# Camille



## KenOC (Mar 7, 2011)

Still an hour (on the Left Coast anyway) to remember that Saint-Saens passed away today, on Beethoven's birthday in 1921. Play something by him and remember!


----------



## ComposerOfAvantGarde (Dec 2, 2011)

No,










No. I don't think I wish remember him this year.


----------



## KenOC (Mar 7, 2011)

My thoughts.

http://www.talkclassical.com/27991-ode-camille.html


----------



## clavichorder (May 2, 2011)

Do you mean that seriously COAG? Do you really dislike Saint Saens that much? I think he was a great composer, especially in Piano Concerto's 2 and 4, and Violin Concerto 3.


----------



## ComposerOfAvantGarde (Dec 2, 2011)

clavichorder said:


> Do you mean that seriously COAG? Do you really dislike Saint Saens that much? I think he was a great composer, especially in Piano Concerto's 2 and 4, and Violin Concerto 3.


Not _entirely_ serious over here, but I am not a big fan of his music either apart from maybe the 3rd symphony.


----------



## Woodduck (Mar 17, 2014)

I thought this thread was going to be about Garbo.


----------



## GioCar (Oct 30, 2013)

A great film, a great Greta, a great Cukor


----------



## Woodduck (Mar 17, 2014)

GioCar said:


> A great film, a great Greta, a great Cukor


Thanks,GioCar! I needed that!


----------



## Richannes Wrahms (Jan 6, 2014)

Camille, your writing and orchestration is very clean and even superb at (counted) times but I often find your sequences and repetitions to be as disappointingly boring as I know some find Tchakovsky's and Bruckner's intolerable. A lot of your considerable oeuvre sounds worn-out.

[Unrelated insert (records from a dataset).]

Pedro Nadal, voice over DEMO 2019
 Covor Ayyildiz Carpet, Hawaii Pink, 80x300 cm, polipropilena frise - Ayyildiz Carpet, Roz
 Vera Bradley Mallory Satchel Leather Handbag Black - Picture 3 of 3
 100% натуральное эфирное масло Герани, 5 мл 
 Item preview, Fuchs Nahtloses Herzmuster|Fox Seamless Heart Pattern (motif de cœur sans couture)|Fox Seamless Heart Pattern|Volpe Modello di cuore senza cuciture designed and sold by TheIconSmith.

However, you are still better than Frank.

I'll give him the advantage of this time of the year.


----------



## Badinerie (May 3, 2008)

The first full Opera I ever bought was Samson and Delilah. I will play a bit of it shortly, The Bacchanal perhaps. Love Saint-Saens almost as much as I love Ravel. Lol!


----------



## Marschallin Blair (Jan 23, 2014)

Woodduck said:


> I thought this thread was going to be about Garbo.


Just in case anyone wants to know what Woodduck looks like while pensively penning one of his TC responses, look beyond his icon:


----------



## Marschallin Blair (Jan 23, 2014)

Badinerie said:


> The first full Opera I ever bought was Samson and Delilah. I will play a bit of it shortly, The Bacchanal perhaps. Love Saint-Saens almost as much as I love Ravel. Lol!


Yes! . . . 'almost.' Ha. Ha. Ha. Ha. . .

I saw _Samson_ staged a couple years back at San Diego Opera with Denyce Graves as Delilah. After she cut off Samson's hair, she walked toward the front on the stage with this absolutely, fierce, imperious mocking laugh. It was magnificent to behold.

My kind of girl. _;D_


----------



## hpowders (Dec 23, 2013)

Organ Symphony. Boston Symphony/Charles Munch.

I have a feeling the neighbors will love it!


----------



## Marschallin Blair (Jan 23, 2014)

ComposerOfAvantGarde said:


> No,
> 
> 
> 
> ...


At least he didn't make the _Ring_ into a Marxian melodrama.


----------



## elgar's ghost (Aug 8, 2010)

Saint-Saens comment about Ravel reminded me that I wish James Blunt had also remained in the army.


----------



## csacks (Dec 5, 2013)

One of my favorites composers ever. His 3rd symphony, the 3rd violin concert, Havanaise, Introduction and Rondo Capriccioso are, IMO, irrefutable expressions of a talented guy. My kids loved Dance Macabre and the Animals Carnival, we use to listen to them in our way going to school. To me, Saint Saens is not only a great musician, but also an important tool for teaching my kids to listen to music. Carmina Burana, Peter and the Wolf and The Trout are in the same list.


----------



## Skilmarilion (Apr 6, 2013)

elgars ghost said:


> Saint-Saens comment about Ravel reminded me that I wish James Blunt had also remained in the army.


Ouch, lol.

I have to say, _1973_ had been a guilty pleasure of mine.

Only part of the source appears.